We selected a half-day charter with a sunset cruise. We headed out around 2pm and headed back into the dock just as the sun was going down. During our trip to Turks and Caicos hurricane Gonzalo was hammering Bermuda. This didn't really impact the weather in Provinciales, but it did create choppy seas on the north side of the island. As a result Captain David took us south.
The ride was relatively smooth and tranquil. Once we cleared Blue Haven and made it into open water the sails went up, even a member of the Travel at Random team helped with the lines. We sailed south with Long Bay Beach off of our starboard (right) side. The water on the south side of Provo is relatively shallow. In fact, at low tide it's not uncommon for boats to get stuck.
Our first snorkeling destination was a beached and abandoned Russian cargo ship. This eerie ship wreck sits on the bottom of the ocean in about ten feet of water. Built in the 1950's, Captain David told us this ship ran aground during a hurricane about a decade ago and was eventually towed to its current location. Now it serves as a tourist destination. If you're brave enough, and have had a tetanus shot, there's even a cargo net on the ship's port side that you can climb aboard and then dive off the ship into the ocean.
Captain David and his mate anchored us off of the ship's starboard side near the stern. We geared up and jumped into the water to snorkel around the ship. The water is normally crystal clear, but because of the hurricane it was a little cloudy on our trip. Despite this, we still had great visibility. It was interesting to see the ship's rudder sitting in the sand and it's propellor was home to schools of fish. As we made our way to the bow we saw random debris from the ship that prior visitors had thrown overboard. Captain David had told us to look out for a barracuda that liked to hang out near the bow. Sure enough we found him swimming around the ship's anchor.
When we climbed back onboard Atabeyra, Captain David greeted us with a pitcher of rum punch and a bowl of chips and salsa. The charter fee includes beer, wine, rum punch, water and light snacks. If you charter the boat for the entire day they'll prepare lunch. If there's something specific you'd like ask ahead of time. While there may be an extra charge, the beauty behind a private charter is that you can customize your trip.
Upon leaving the shipwreck we sailed northwest towards the southern most point of Provinciales. Our crew had another destination in mind, a small bay just off the beach. We pulled into a shallow cove, so shallow most boats wouldn't dare venturing this close to land, but Atabeyra did it without any problems. Moments after setting the anchor Captain David spotted a couple of reef sharks swimming nearby. They retreated into the rocks as we got into the water. (Reef sharks don't normally bother people) In this snorkeling spot we saw schools of fish, some patches of corral and empty conch shells.

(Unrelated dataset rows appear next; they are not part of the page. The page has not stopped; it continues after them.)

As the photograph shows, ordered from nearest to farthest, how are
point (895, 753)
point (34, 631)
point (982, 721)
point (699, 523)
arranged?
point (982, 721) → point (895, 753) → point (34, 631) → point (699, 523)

Once back aboard more rum punch was waiting. We were able to sit back and relax and enjoy the forty-five minute trip back to port. Captain David and his mate were very knowledgeable about the islands and were a pleasure to sail with. They made the trip enjoyable and I would definitely charter with them again.
- Make your reservations in advance. Especially during the peak season charters fill up.
- If you want to do a private charter remember to tip your crew. 10-20% of the charter cost is typical. The captain will distribute the gratuity to the crew.
- If you have special requests let the charter company know in advance.
- Group charters are less expensive and can be a great way to escape the beach for a few hours.